Quasi-likelihood estimation lets you fit models to overdispersed data without having to fully specify the response variable's distribution. Instead of relying on a complete probability model (the way maximum likelihood does), you only need to get two things right: the mean function and the variance function.

This matters because real-world data, especially count data and proportions, frequently show more variability than standard distributions like Poisson or binomial can accommodate. Quasi-likelihood gives you a principled way to handle that extra variation while still producing valid inference.

Quasi-likelihood for Overdispersion

Introduction to Quasi-likelihood

In a standard GLM, the distribution you choose (Poisson, binomial, etc.) locks in a specific mean-variance relationship. For Poisson regression, the variance must equal the mean. Overdispersion occurs when the observed variance exceeds what that assumed relationship predicts.

Quasi-likelihood addresses this by stepping back from the full distributional assumption. Rather than saying "the data follow a Poisson distribution," you say "the mean and variance are related in this particular way, and there may be extra variation on top." This relaxation is what makes the method flexible: you don't need to identify the exact distribution generating your data.

The key trade-off is that you give up a true likelihood function. You can't compute AIC directly or use standard likelihood ratio tests without modification. But you gain robustness to distributional misspecification, which is often the more pressing concern with overdispersed data.

Construction and Properties of Quasi-likelihood

The quasi-likelihood function is built from just two ingredients:

The mean function $\mu_i = E(Y_i)$ , linked to the linear predictor through a link function
The variance function $V(\mu_i)$ , which specifies how the variance relates to the mean

No full probability distribution is needed. The quasi-log-likelihood for a single observation takes the form:

$Q(y_i, \mu_i) = \int_{y_i}^{\mu_i} \frac{y_i - t}{\phi \, V(t)} \, dt$

where $\phi$ is the dispersion parameter that scales the variance to account for overdispersion.

Despite not coming from a true likelihood, quasi-likelihood estimates have strong theoretical properties. Under correct specification of the mean and variance functions, the parameter estimates are consistent (they converge to the true values as sample size grows) and asymptotically normal (so you can build confidence intervals and do hypothesis tests in the usual way).

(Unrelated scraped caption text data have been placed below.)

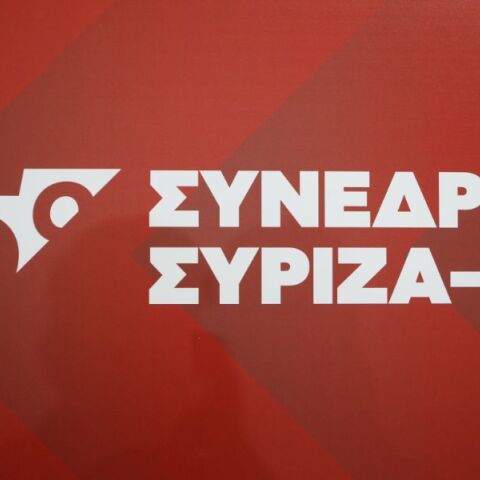 Συνεχίζεται για 3η μέρα το Συνέδριο του ΣΥΡΙΖΑ - Το απόγεμα η συζήτηση για το καταστατικό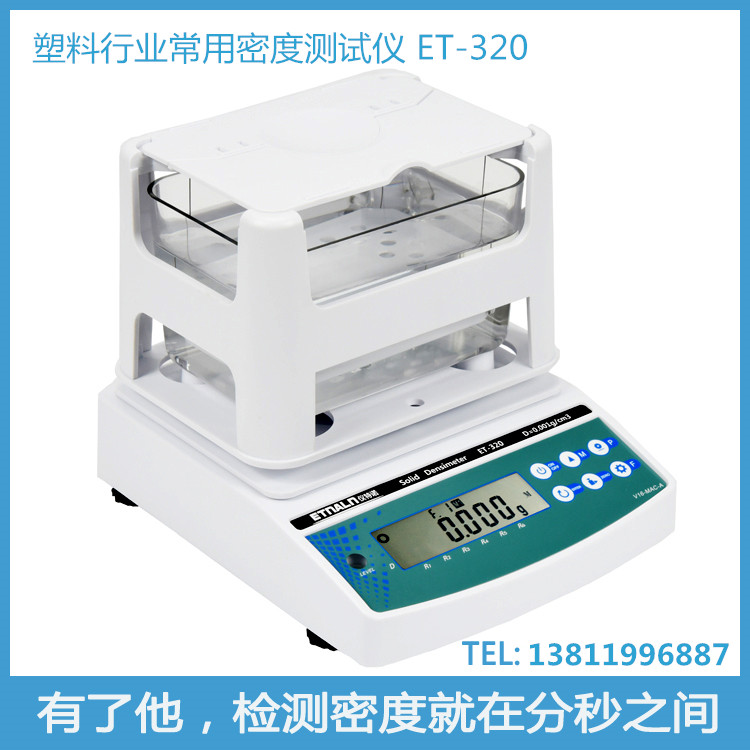 塑料密度測試儀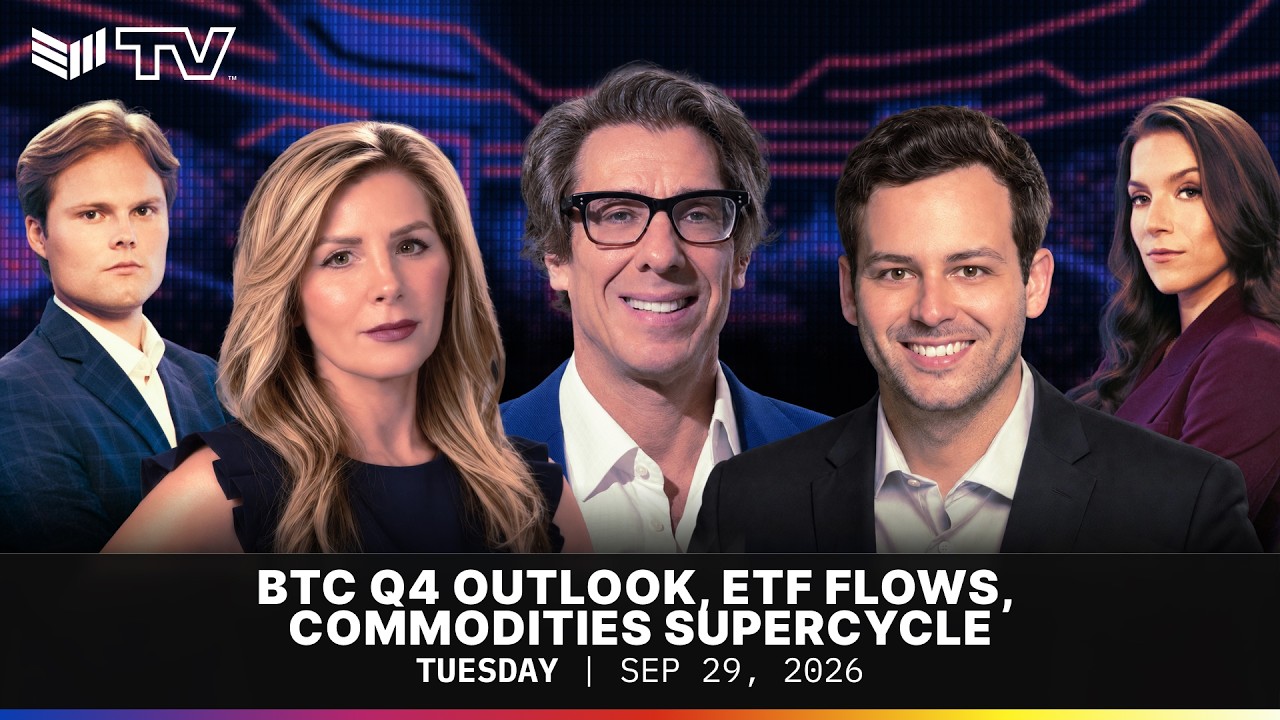 BTC Q4 Outlook, ETF Flows, Commodities Supercycle | BMTV Sep. 29, 2026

Quasi-likelihood also covers a wider range of mean-variance relationships than the exponential family alone. Any reasonable variance function $V(\mu)$ can be plugged in, not just those tied to binomial, Poisson, or gamma distributions.

Estimating Parameters with Quasi-likelihood

Specification of Mean and Variance Functions

Setting up a quasi-likelihood model requires two choices:

A link function that connects the mean $\mu$ to the linear predictor $\eta = X\beta$ . Common choices:
- Log link ( $\log(\mu) = \eta$ ) for count data
- Logit link ( $\log(\mu/(1-\mu)) = \eta$ ) for binary/proportion data
- Identity link ( $\mu = \eta$ ) for continuous data
A variance function $V(\mu)$ that describes how the variance scales with the mean. Standard options:
- $V(\mu) = 1$ : constant variance (normal/Gaussian)
- $V(\mu) = \mu$ : variance proportional to the mean (Poisson-type)
- $V(\mu) = \mu(1 - \mu)$ : binomial-type variance
- $V(\mu) = \mu^2$ : variance proportional to the squared mean (gamma-type)

The actual variance of each observation is then $\text{Var}(Y_i) = \phi \, V(\mu_i)$ , where $\phi > 1$ captures the overdispersion.

Quasi-likelihood Estimating Equations and Optimization

Parameter estimation proceeds through these steps:

Form the quasi-score function. For parameter vector $\beta$ , the quasi-score is:

$U(\beta) = \sum_{i=1}^{n} \frac{(y_i - \mu_i)}{\phi \, V(\mu_i)} \frac{\partial \mu_i}{\partial \beta}$

This looks very similar to the score function in standard GLMs. The key difference is that $\phi$ appears explicitly to handle the extra variance.

Set the quasi-score equal to zero and solve for $\beta$ . Because the equations are nonlinear, this requires iterative methods.
Solve iteratively using Fisher scoring (which is equivalent to iteratively reweighted least squares in this context). Each iteration updates the parameter estimates using the current working weights derived from $V(\mu)$ .
Estimate the dispersion parameter $\phi$ separately, after obtaining $\hat{\beta}$ . Two common approaches:
- Pearson-based: $\hat{\phi} = \frac{1}{n - p} \sum_{i=1}^{n} \frac{(y_i - \hat{\mu}_i)^2}{V(\hat{\mu}_i)}$
- Deviance-based: $\hat{\phi} = \frac{D}{n - p}$ , where $D$ is the deviance and $p$ is the number of estimated parameters

An important detail: the regression parameter estimates $\hat{\beta}$ don't depend on $\phi$ . The dispersion parameter only affects the standard errors and test statistics, not the point estimates themselves. This is why $\phi$ can be estimated after fitting.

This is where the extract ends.